Today’s post is going to be a bit short. I was recently faced with the difficult decision of whether or not to end a friendship of almost 30 years. A very close friend lied about something that was paramount to me. And this wasn’t the first time it had happened. However, unlike before where I overlooked their flagrant fabrication, I decided it was time to draw a line in the sand and execute a decision by which to stand firm.
The specifics of the situation aren’t of any particular import. What matters is that this time, just as it was last time, their deception cut very deeply. Here’s the thing – people will generally lie to you for one of two reasons; either they feel they can get away with it because you’ll let it slide, “Eh, s/he’ll get over it.” Or they feel you’re not intelligent enough to figure it out. While I’ll admit I used to be extremely easygoing and somewhat quick to, “get over it,” I’m no longer so easygoing as to allow someone else to take advantage of me to such a denigrating degree. However, instead of making a hullabaloo, I quietly walked away. And while they did make a diluted effort to reach out to me the next day, I ignored their half-hearted attempt at reconciliation. They’ve left no doubt in my mind as to how little I and my friendship actually mean to them. As I see it, I’m doing us both a favor.

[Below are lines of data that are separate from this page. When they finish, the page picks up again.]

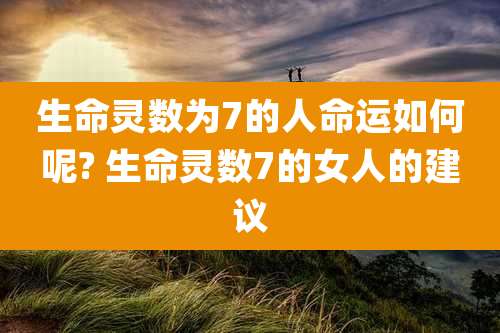 生命灵数为7的人命运如何呢? 生命灵数7的女人的建议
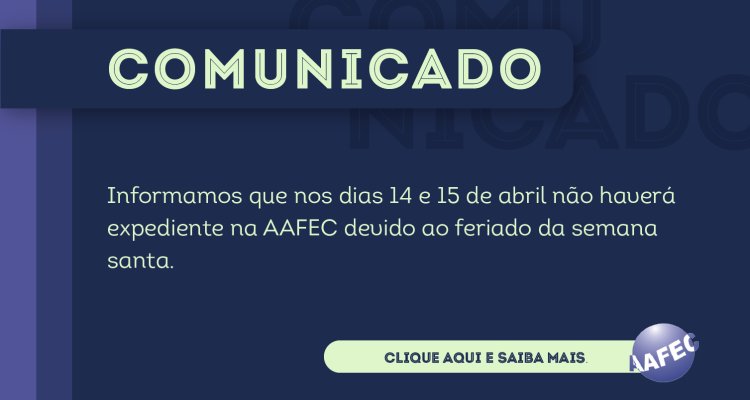 Comunicado: Funcionamento da AAFEC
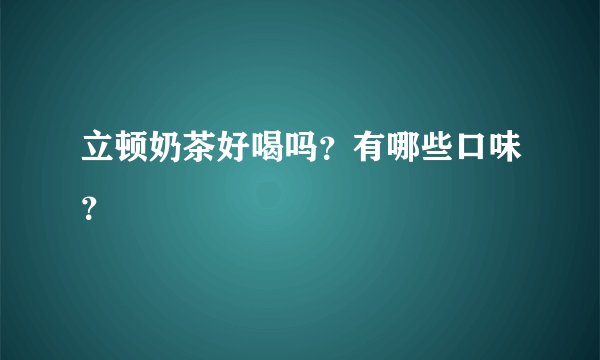 立顿奶茶好喝吗？有哪些口味？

What about you? Do you have any friends, family members, even a romantic partner in your life who you feel doesn’t treat you with the same level of kindness and respect that you know you deserve? Especially to the same level and degree that you afford them? If you’re currently involved with a narcissist, or have ever been involved with one, you know exactly what I’m talking about. And as painful as having been involved with a narcissist was for me, the most empowering truth to take away from those dark times is this; once you’re able to walk away from someone who was your world, your universe; your everything, and rebuke the inherent abuse that entails loving a narcissist, you can walk away from any unhealthy relationship, toxic or otherwise.